Read this package insert carefully before starting to take the medication.

• Keep this package insert, as you may need to read it again.
• If you have any questions, consult your doctor or pharmacist.
• This medication has been prescribed for you, and you should not give it to others, even if they have the same symptoms, as it may harm them.
• If you experience any adverse effects, consult your doctor or pharmacist, even if they are not listed in this package insert (see section 4)

Dostinex is a medication used to prevent milk production, immediately after delivery as well as for its removal, in the following situations:

-After delivery, once the mother decides not to breastfeed her child

-After delivery, when breastfeeding is contraindicated for medical reasons for the mother or for the newborn.

-After giving birth to a stillborn fetus or after an abortion.

Additionally, Dostinex is indicated in the treatment of disorders related to the increase of prolactin hormone in the blood (hyperprolactinemic disorders), including absence of menstruation (amenorrhea), menstruation that is very spaced out in time (oligomenorrhea), menstrual cycles in which there is no ovulation (anovulation) and milk secretion in the breast not associated with the lactation period (galactorrhea).

Dostinex is also indicated in patients with pathologies associated with hyperprolactinemic disorders, such as tumors of the pituitary gland that secrete the prolactin hormone (hypophyseal adenomas – micro and macroprolactinomas), increases in the prolactin hormone without a known cause (idiopathic hyperprolactinemia) or empty sella syndrome.

Do not take Dostinex

-If you are allergic (hypersensitive) to any ergot alkaloid, cabergoline, or any of the other components of this medication (listed in section 6)

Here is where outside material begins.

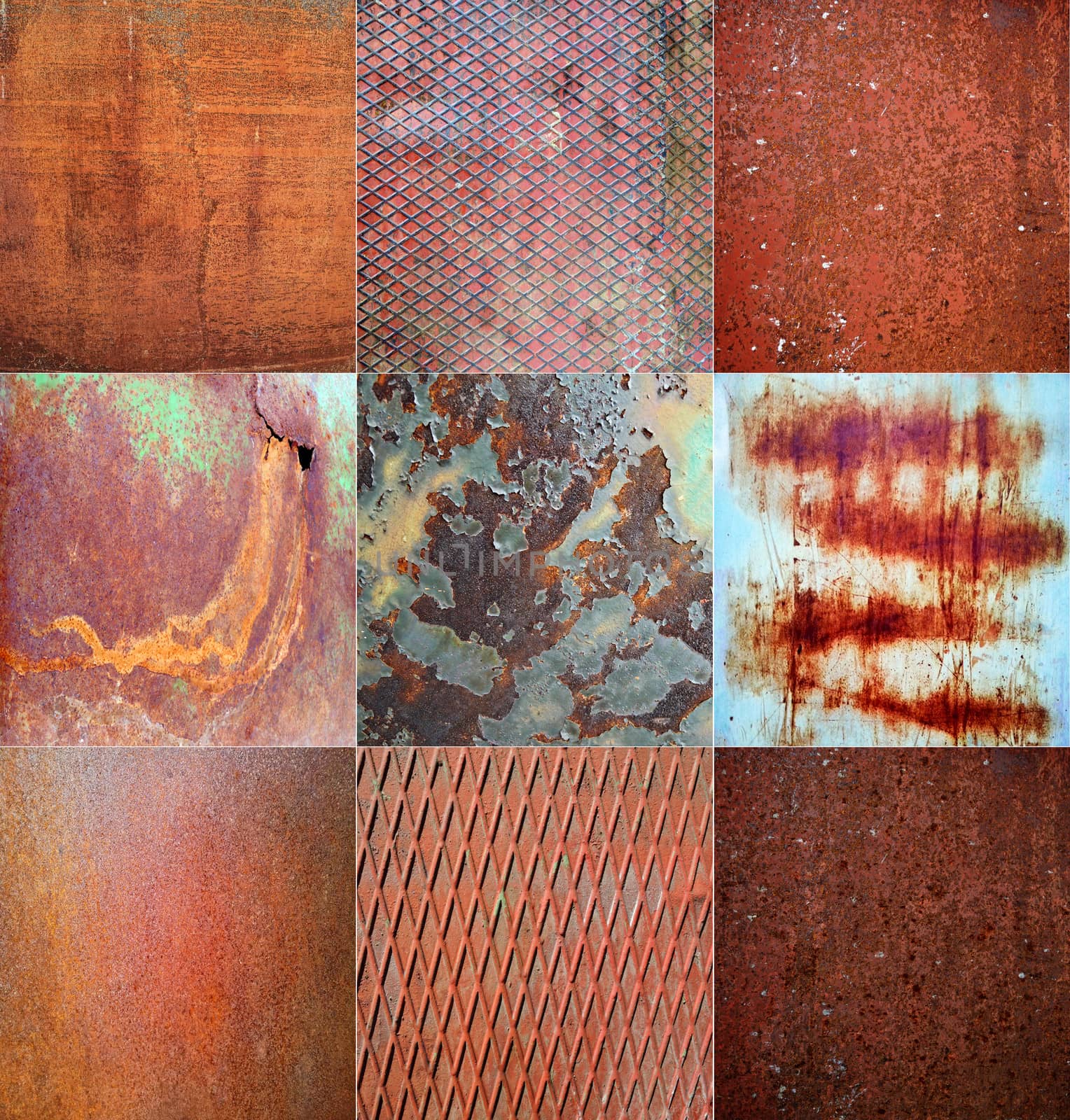Collage of rusted metal texture by MalyDesigner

-If you are to be treated with Dostinex for a prolonged period and have any of your heart valves affected

-If you have severe liver disease (severe hepatic insufficiency)

-If you have a history of postpartum psychosis (a post-partum syndrome characterized by depression, delirious ideas, and thoughts of harming yourself and/or your child)

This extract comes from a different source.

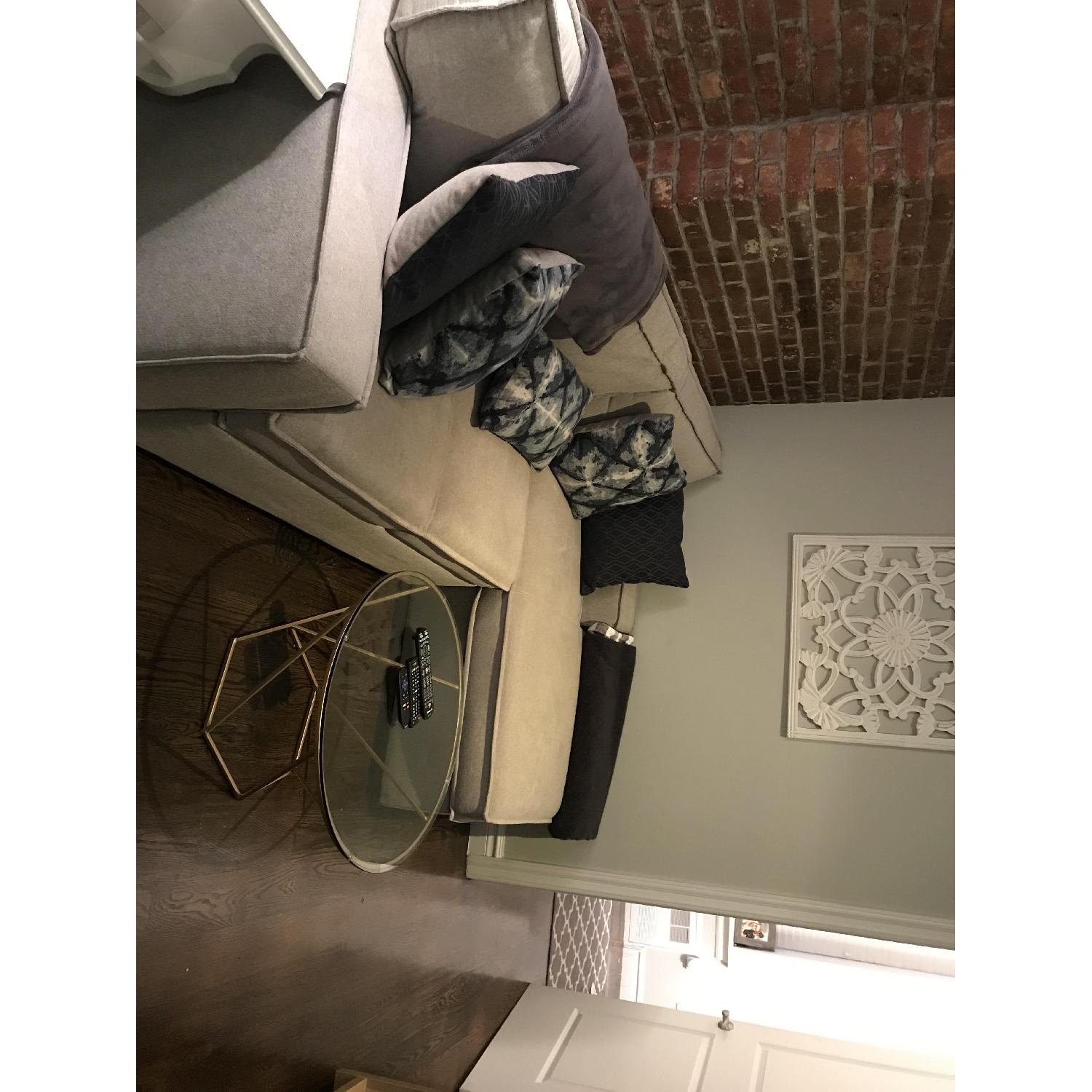 Bob's Left Arm Facing Sleeper Sectional Sofa w/ Storage - image-2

-If you have high blood pressure during pregnancy associated with fluid retention (edema) and protein in the urine (toxemia of pregnancy)

-If you have or have had fibrotic disorders (scarring tissues) that have affected your lungs, heart, or abdomen

-If you are being treated with medications used to treat mental illnesses (antipsychotic medication)

Warnings and precautions

-If you have severe heart or circulation disease, pain, or sudden changes in color in your extremities (Raynaud's syndrome), stomach ulcers, or gastrointestinal bleeding

-If you have severe liver disease, you may need a lower dose

-If you have a history of severe mental illnesses (especially of a psychotic type)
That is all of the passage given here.